WHAT IS NEEDED:
Pictures are not part of the copy; retype all the records below exactly.

MATERIALS PROVIDED:
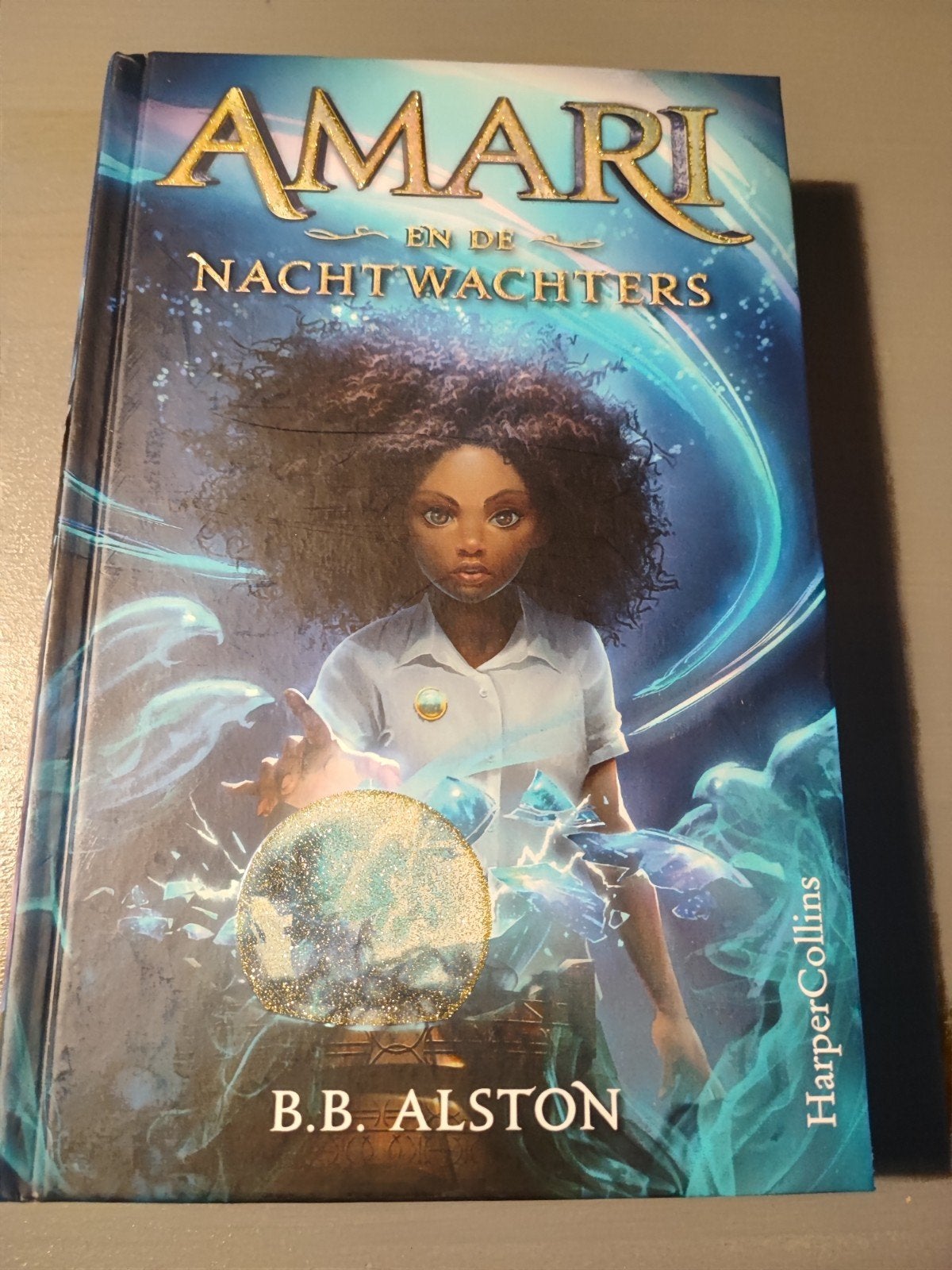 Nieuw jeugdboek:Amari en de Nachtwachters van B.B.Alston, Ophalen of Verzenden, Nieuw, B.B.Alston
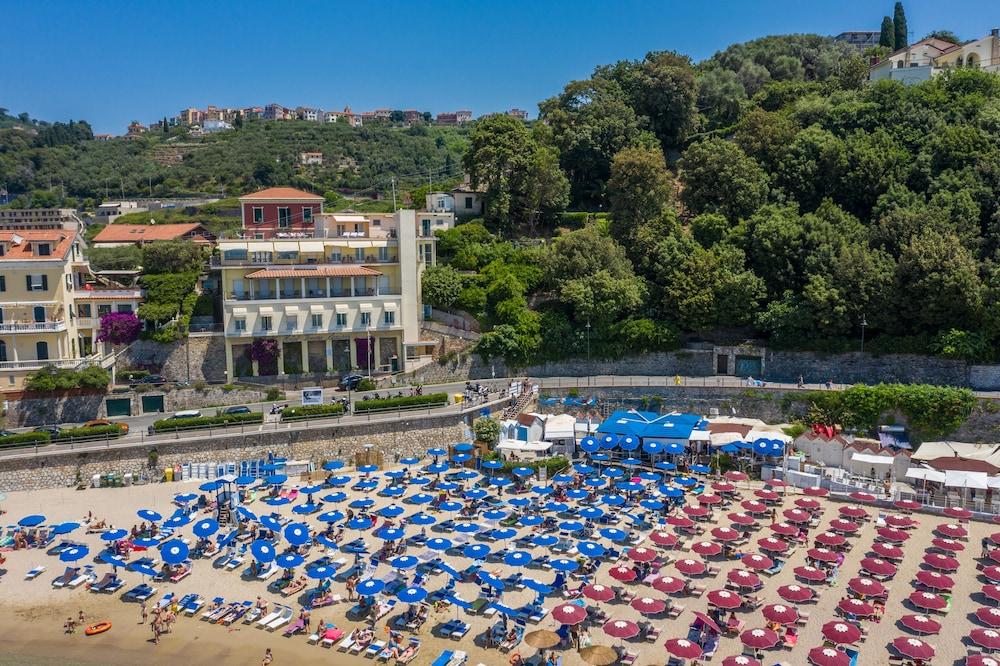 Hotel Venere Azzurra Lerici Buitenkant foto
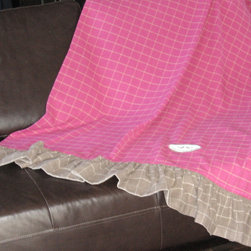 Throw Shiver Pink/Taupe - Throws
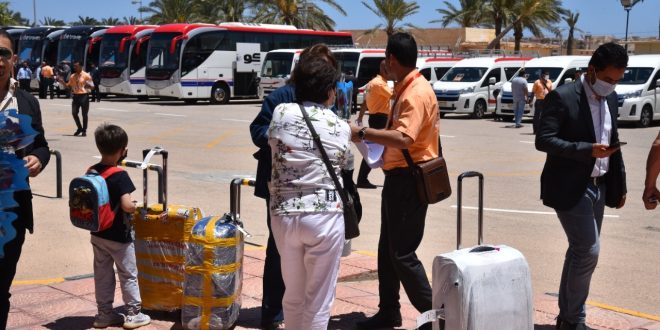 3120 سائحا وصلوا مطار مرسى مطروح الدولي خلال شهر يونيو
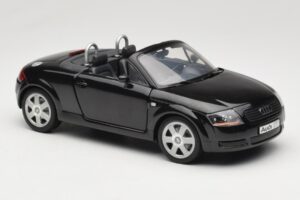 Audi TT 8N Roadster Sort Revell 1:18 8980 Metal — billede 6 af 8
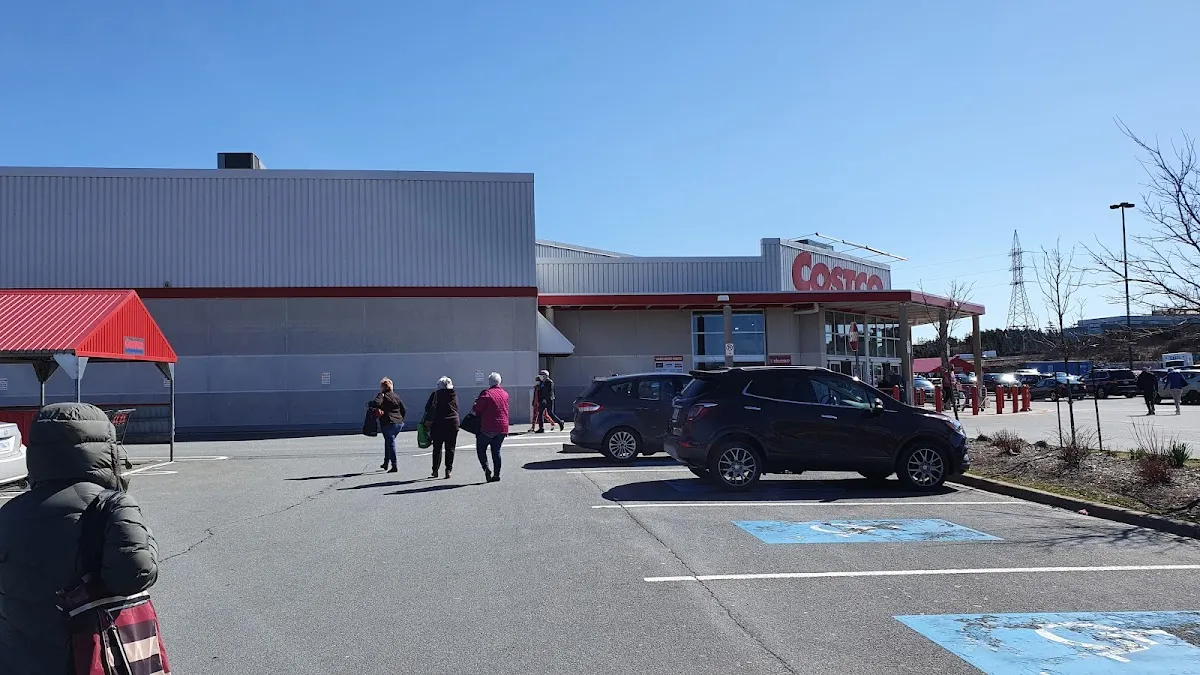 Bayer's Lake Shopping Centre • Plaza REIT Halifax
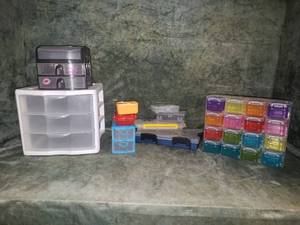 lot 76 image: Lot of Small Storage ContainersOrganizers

YOUR SOLUTION:
 Nieuw jeugdboek:Amari en de Nachtwachters van B.B.Alston, Ophalen of Verzenden, Nieuw, B.B.Alston
 Hotel Venere Azzurra Lerici Buitenkant foto
 Throw Shiver Pink/Taupe - Throws
 3120 سائحا وصلوا مطار مرسى مطروح الدولي خلال شهر يونيو
 Audi TT 8N Roadster Sort Revell 1:18 8980 Metal — billede 6 af 8
 Bayer's Lake Shopping Centre • Plaza REIT Halifax
 lot 76 image: Lot of Small Storage ContainersOrganizers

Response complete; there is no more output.